In contrast to the 1863 Carnarvon Committee, Gladstone’s Departmental Committee on Prisons 1 was not a child of panic, scandal or institutional breakdown. It grew instead out of a political mood and the well-timed campaigns and fortuitous interventions of several well-placed individuals. Administrative maladroitness and mishap played their part in the unfolding of events, as did accident. There is irony in the haphazard combination of circumstances which laid low Sir Edmund Du Cane’s official reputation and marked the end of his autocracy. He had constructed and finely tuned a machine based on a rationalistic philosophy. The mechanism had been designed to mesh, to be a system, immune to criticisms of superfluity or arbitrariness.
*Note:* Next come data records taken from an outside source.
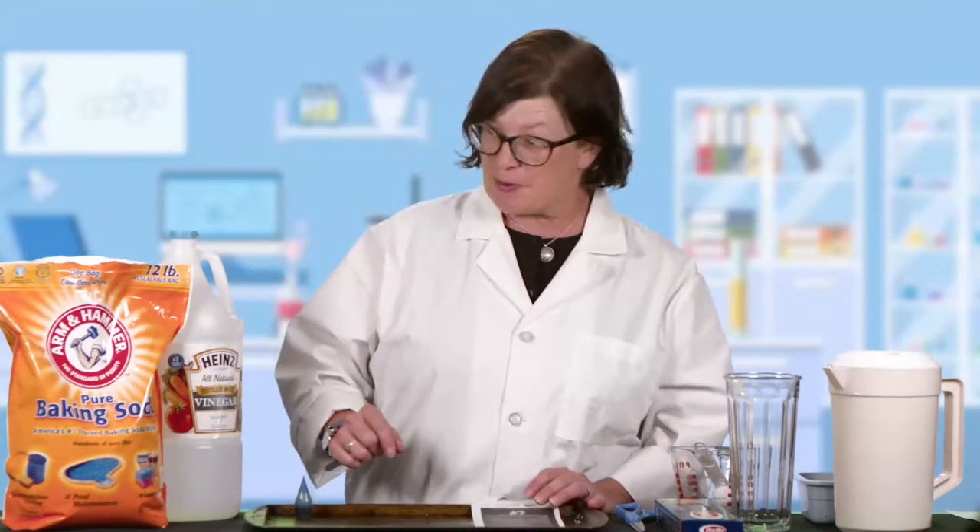Hi everybody, it's Miss Amy at the Grass Valley Library. Thank you for joining us for our final episode of Random Acts of Science to go along with our summer learning program. The final country that we are going to be investigating is Italy. One of my favorite things about Italy is pasta, so we're going to do a science experiment with pasta. We're going to make it dance a little bit, so I hope this is as fun for you as it was for me to figure it out.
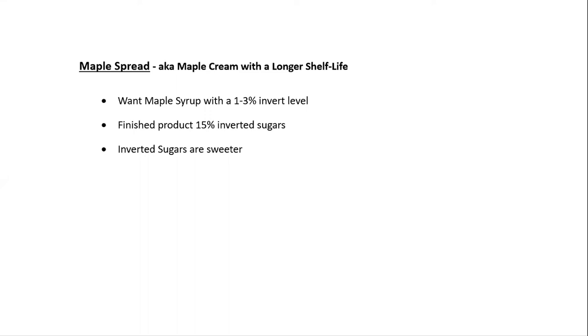Next product: maple spread, or maple cream — with a longer shelf life. The key point to stress: the inverted syrup causes it to be a little more pliable and lets it flow; without it, it will set the machine up. Your initial syrup should be a one-to-three percent invert level — you don't want it to be real high. Your finished product is going to be about 15% inverted sugars. Fructose especially is a sweeter product, which with your maple spread is really what you're going for — you're going to put it on toast or English muffins, and the sweetness is desired.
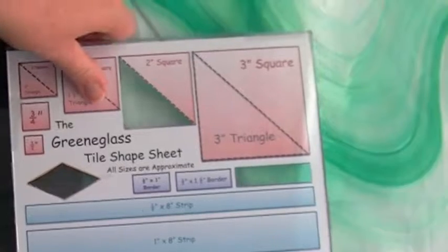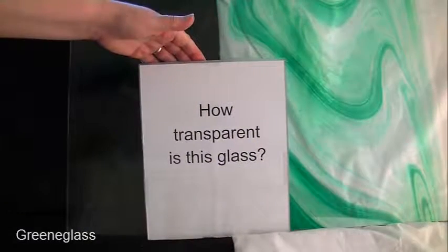Depending on where you cut the glass, you will get different shades of color or different swirls, so please keep that in mind and take that into consideration when you plan your project. How transparent is the glass?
But the attack which Du Cane had to face, and from which he ignominiously fled, was successful because of the randomness of its targets and the disparate motives of those who mounted it. Not all the accusations were accurate or valid; some of the attackers’ inferences were insupportable; some of their methods were ham-fisted and unfair; and the motives of leading figures were far from pristine. There were further ironies in the amateur and inefficient way in which the departmental inquiry was conducted. Finally, some of the most important issues of policy and administration went unexplored, and a major portion of Du Cane’s heritage, repackaged for Edwardian consumption, was passed to posterity. Much of the superstructure of imprisonment in England a hundred years later followed the outline of the foundations laid by Carnarvon and Du Cane, left surprisingly undisturbed by successive generations of politicians, administrators and reformers.